June 15, 2024

Federal Sponsored Resources

A new $484 billion relief package was signed into law on Friday, April 24. This bill replenished funds for small businesses, hospitals, and testing efforts seeking assistance due to the pandemic.

This is how the money will be distributed:

  • The Paycheck Protection Program (PPP) will receive $310 billion, of which $60 billion is reserved for small and community lenders.
  • 75 billion dollars for hospitals
  • Test efforts to be supported by $25 billion
  • Emergency disaster loans and grants worth $60 billion

On April 27, at 10:30 am, the SBA resumed accepting applications from lenders for its Paycheck Protection Program.

Businesses can apply to any SBA 7(a), federally insured depository institutions, federally insured federal credit unions, or Farm Credit System institutions participating. Once approved and enrolled, other regulated lenders can make these loans.

Small Business Administration

Notice of lapse in appropriations: The SBA published a statement on its website, stating that it was unable to accept any new applications for the PPP program or the Economic Injury Disaster Loans (EIDL) – COVID-19 related Assistance Program (including EIDL advances), due to a lack of funding. Congress passed the bill outlined in the above section.

Continue reading for more information on the CARES Act and EIDL Programs.

Coronavirus Aid, Relief and Economic Security Act

Congress passed the Coronavirus Aid, Relief, and Economic Security Act (CARES) on 3/27. This bill combines two previous versions, making it the most extensive stimulus package ever in the history of the United States. The bill approved funds worth $2 trillion to try and offset the economic losses caused by the Coronavirus (COVID-19 pandemic).

Paycheck Protection Program (PPP) was created to assist small businesses with payroll and other expenses. The PPP allows firms to receive up to $10M in compensation tied to payroll costs and can cover employees earning up to $100K annually.

Economic Injury Disaster Relief Lending Program

Small businesses financially hurt by COVID-19 can apply for low-interest loans through the SBA’s Coronavirus Economic Injury Disaster Relief Lending Program.

Families First Coronavirus Response Act H.R.6201

Families First Coronavirus Response Act is a response to the Coronavirus (COVID-19), which has caused an outbreak. It provides paid sick leave, free Coronavirus tests, increases food assistance and unemployment benefits, and requires employers to provide extra protections for healthcare workers. The bill, signed into law by President Trump on March 18, will go into effect on April 2, 2020.

Federal Tax Relief

The Internal Revenue Service and Treasury Department have announced that the due date for federal income tax returns has been extended to July 15, 2020.

Verifying your state’s requirements is essential by contacting their tax agency. You can find the websites of individual tax agencies.

State & Local Sponsored Resources

According to the SBA, small business owners from all states and territories in the United States are eligible to apply for low-interest loans due to Coronavirus. Click Here for more information and to apply.

Many states and cities are also offering financial assistance to affected businesses. These include grants, loans, and other types of relief. Here is a list that highlights the programs that have already been announced:

Alabama: Alabama’s Department of Revenue waives late sales tax fees for small retail and hospitality businesses through June 1, 2020. These taxpayers will be penalized for late payments on June 1, 2020.

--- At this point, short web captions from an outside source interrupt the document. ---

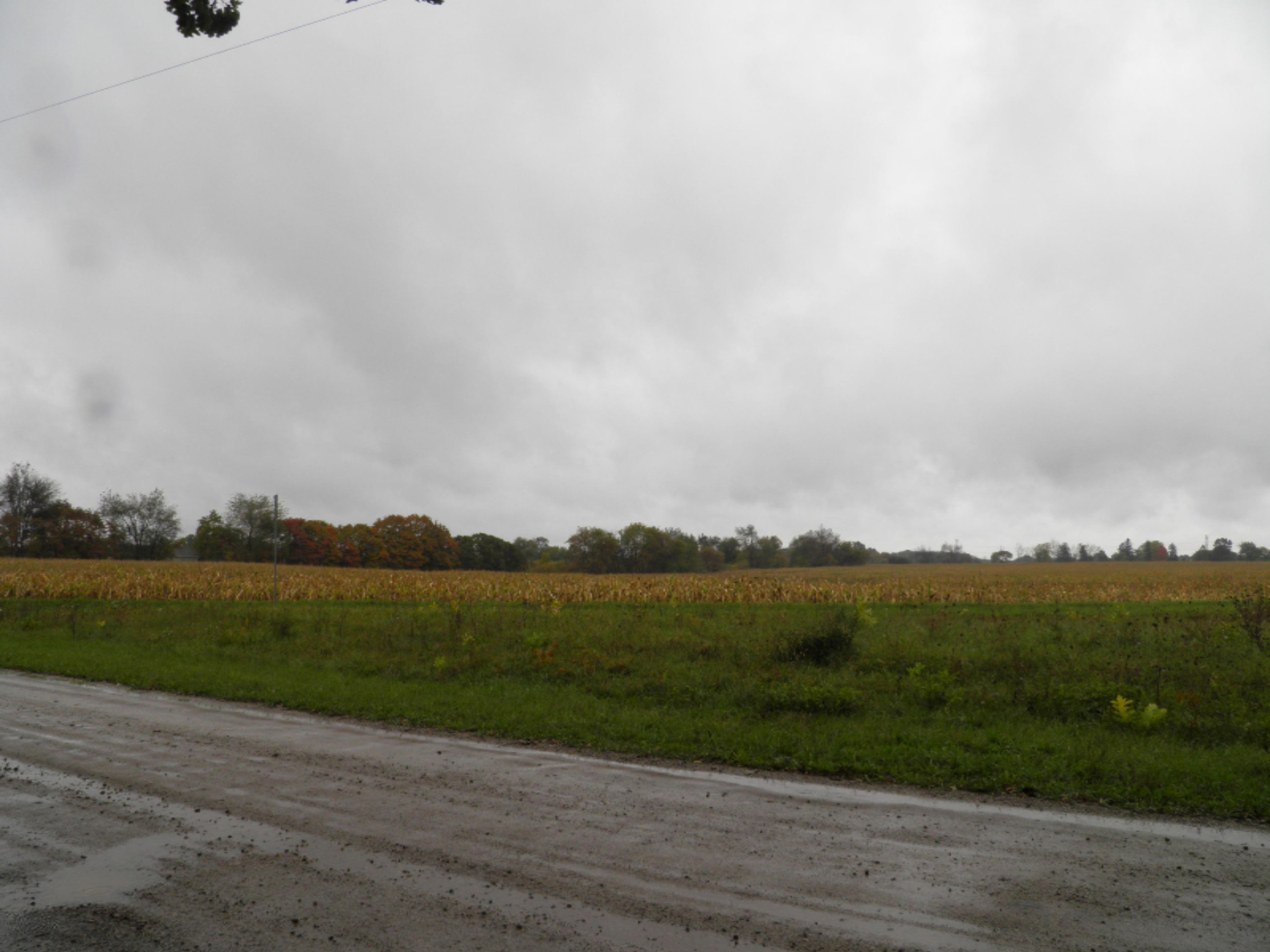 3474 West County Farm Road Sheridan, MI 48884 - Photo 32 of 36 P1010167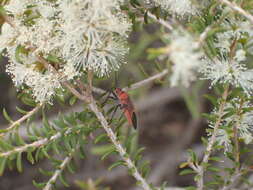 Leptocoris mitellatus Bergroth 1916 resmi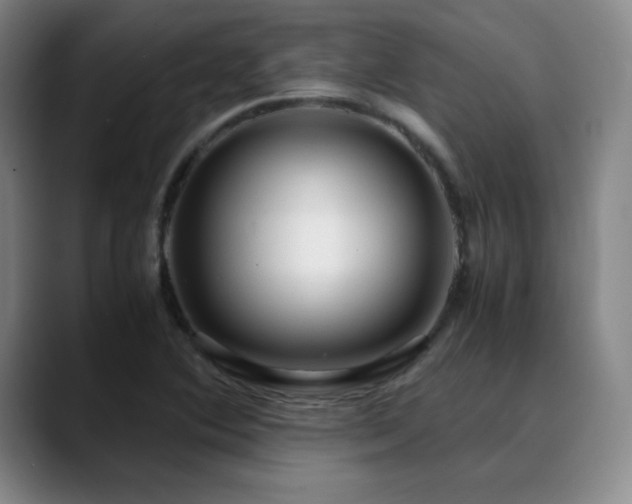 X0000090621364200707171427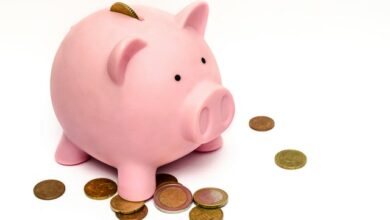 money-pink-coins-pig-9660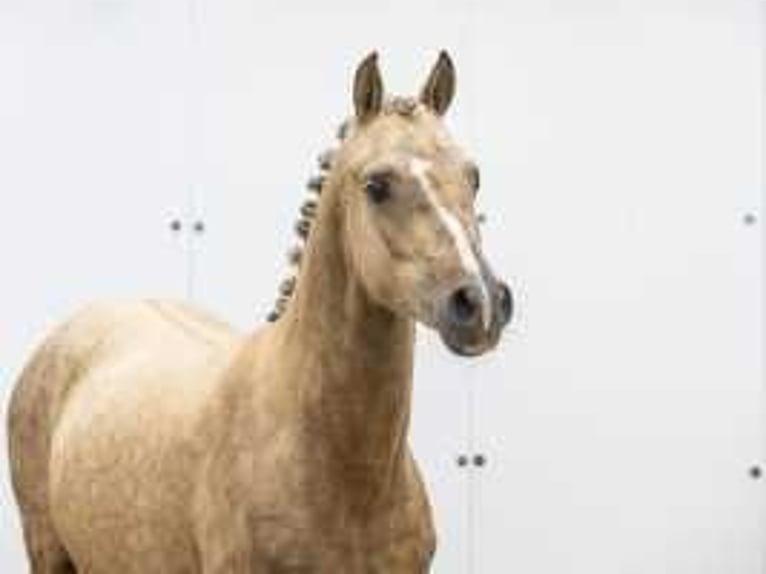 Palomino Stallion 2 years 12,3 hh Palomino in Waddinxveen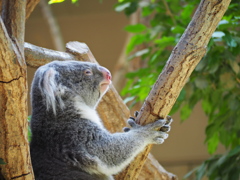 動物園　コアラ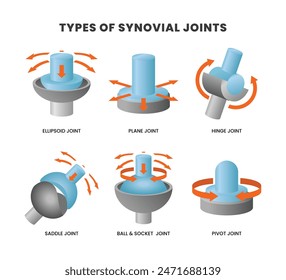 Different types of synovial joints movement classification for body diagram poster, Labeled educational anatomical division with ellipsoid, hinge, saddle, pivot and ball socket bone joints.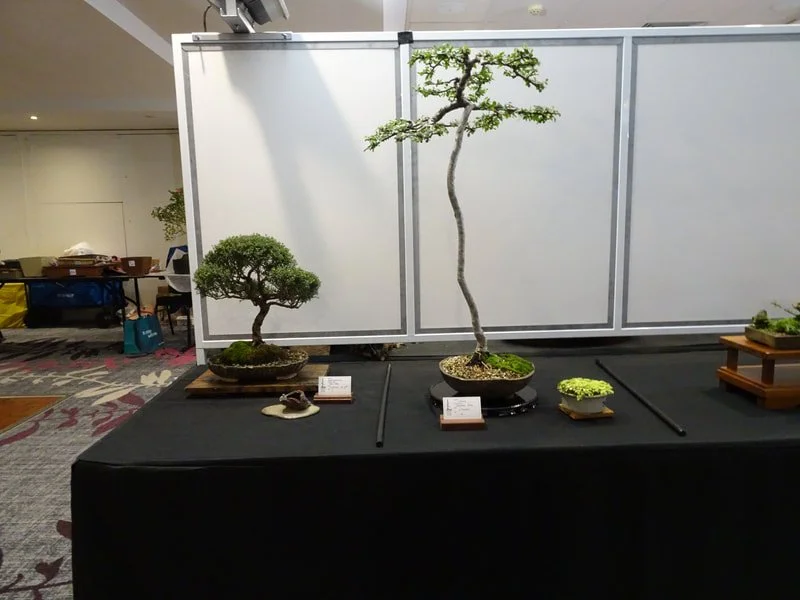 2025 Illawarra Bonsai Show
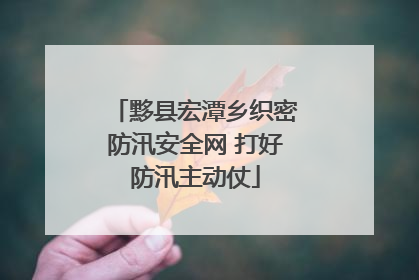 黟县宏潭乡织密防汛安全网 打好防汛主动仗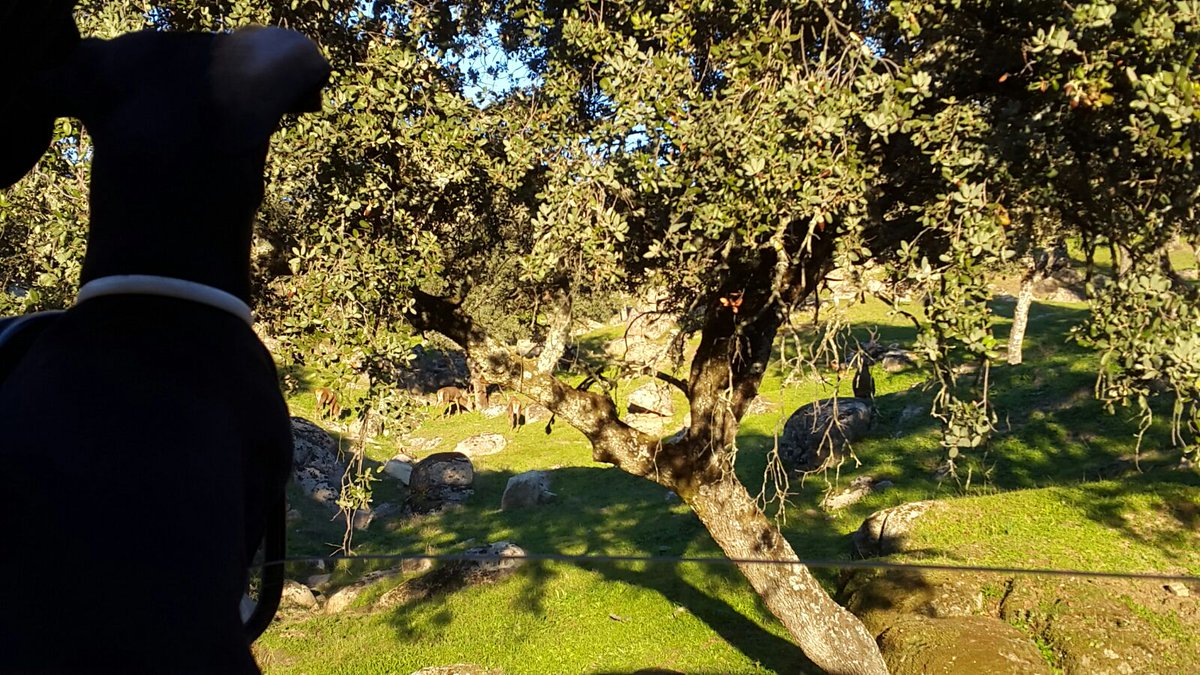 tiendadeoptica's tweet photo. #venado #campo Encaro los #prismáticos, busco el sonido y allí están junto a los #alcornocales .Estoy en el #paraíso https://t.co/J9SDQAWYDF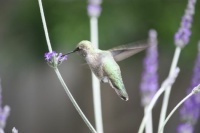 Hummingbird in Lavender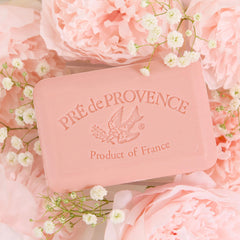 Pre de Provence with shea butter ingredient display indicating nourishing conditioning benefits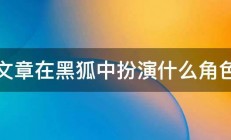 文章在黑狐中扮演什么角色 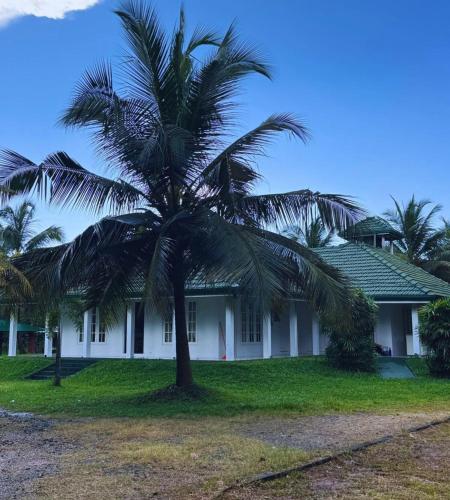 a palm tree in front of a white house at The Shenu Lake House in Dandugama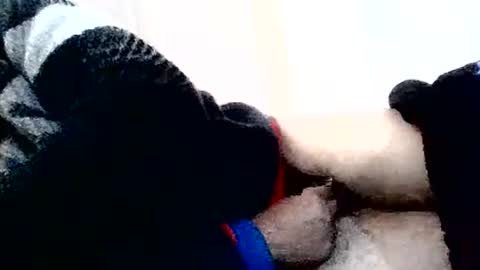 Snapshot of torresurionasantos chatting on February 2, 5:22 pm torresurionasantos online show from February 2, 5:22 pm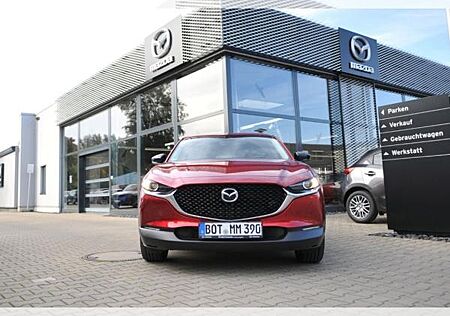 Mazda CX-30 Homura 2WD | RFK | LED | CarPlay | SHZ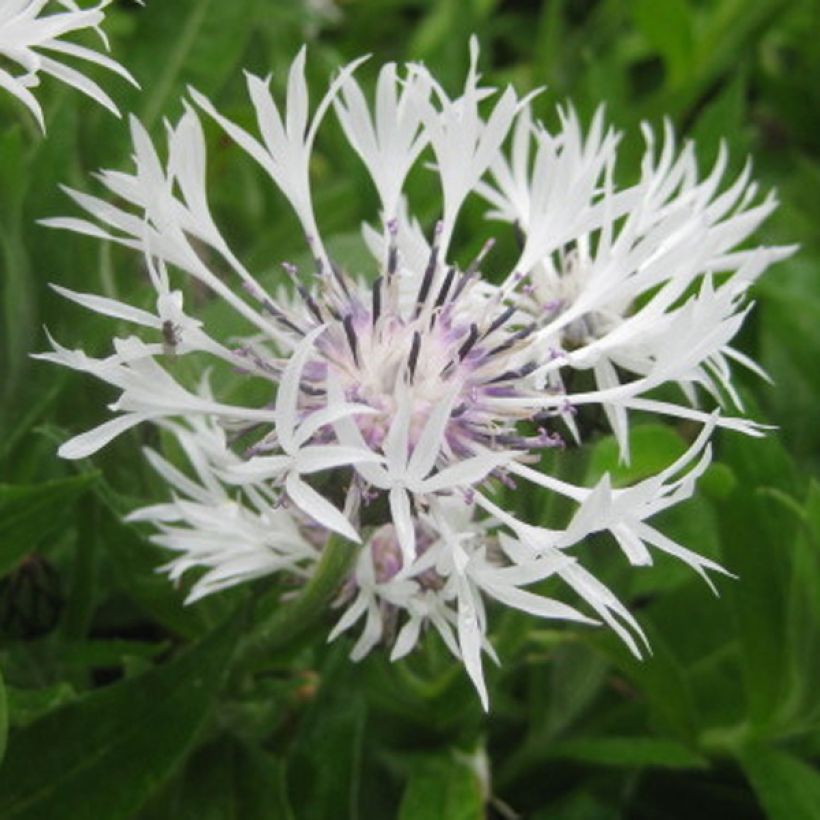 Centaurea montana Alba - Bergkorenbloem wit (Flowering)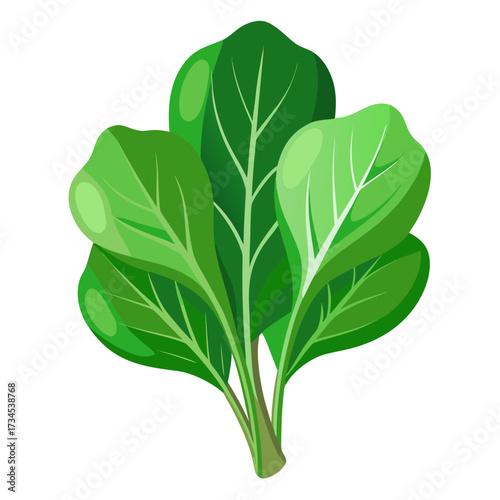 Fresh vibrant spinach bunch, a healthy ingredient for summer salads, smoothies, and vegetarian dishes, offering nutrition and vitality for a balanced lifestyle, ideal for food blogs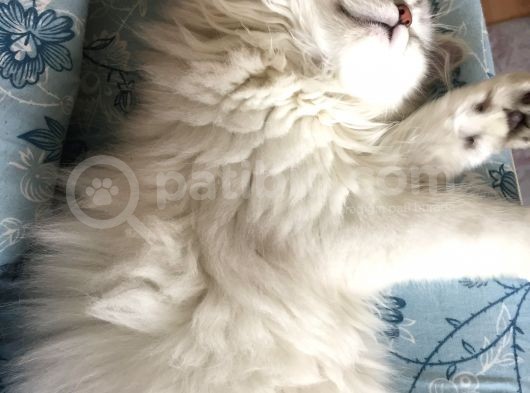 British Longhair Kedi görsel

  • Birmingham, The Birmingham Strong Emergency Loan Fund, offers zero-interest 180-day loans of up to $25,000. The first round has closed, but Click here can be added to the second round if they get more funding.
  • West Alabama The Community Foundation of West Alabama offers grants to businesses suffering from COVID-19.

Alaska: Alaska Small Business Development Center supports small businesses through its COVID-19 resource center and various workshops.

Arizona: Local First Arizona and its community partners have created a relief fund that provides mini-grants to businesses with between 0 and 3 employees and a revenue of less than $250,000.

Arkansas Visit the COVID-19 resource pages to find helpful information on financing for employees and businesses.

California, The Governor’s Office of Business and Economic Development has compiled valuable resources for California business owners and workers.

  • Berkeley: The Berkeley City Council approved $3 million for emergency relief grants distributed to small businesses, nonprofit arts organizations, and residential tenants most affected by the COVID-19 Pandemic.
  • IBANK The California Infrastructure and Economic Development Bank offers a 95% guarantee on loans of up to $1,000,000 to small businesses in disaster zones.
  • Los Angeles: Los Angeles businesses that provide low-income employment can receive a microloan between $5,000 and $20,000.
  • Oakland: Oakland will waive late payment penalties for taxes due March 1, 2020, to small businesses affected by COVID-19. To apply, call (510) 238-3704 or email BTwebsupport@oaklandca.gov. Companies can also visit www.oaklandbusinesscenter.com to see how Oakland’s Business Assistance Center for additional resources and assistance.
  • San Francisco San Francisco Office of Economic and Workforce Development provides resources and support to small businesses affected by COVID-19. The program is designed to help with rent and employee salaries.